### ENTRIES PROVIDED
....

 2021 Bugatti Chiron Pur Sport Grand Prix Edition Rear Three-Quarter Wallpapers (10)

....

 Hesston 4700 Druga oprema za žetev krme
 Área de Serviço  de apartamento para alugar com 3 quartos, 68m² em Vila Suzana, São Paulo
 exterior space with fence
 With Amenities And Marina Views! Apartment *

....

### EXERCISE REQUIREMENTS
Starting at the line with "Hesston 4700 Druga oprema za žetev krme" and ending at the line with "With Amenities And Marina Views! Apartment *", print each line of the listing above exactly, with no other lines.

### EXERCISE SOLUTION
 Hesston 4700 Druga oprema za žetev krme
 Área de Serviço  de apartamento para alugar com 3 quartos, 68m² em Vila Suzana, São Paulo
 exterior space with fence
 With Amenities And Marina Views! Apartment *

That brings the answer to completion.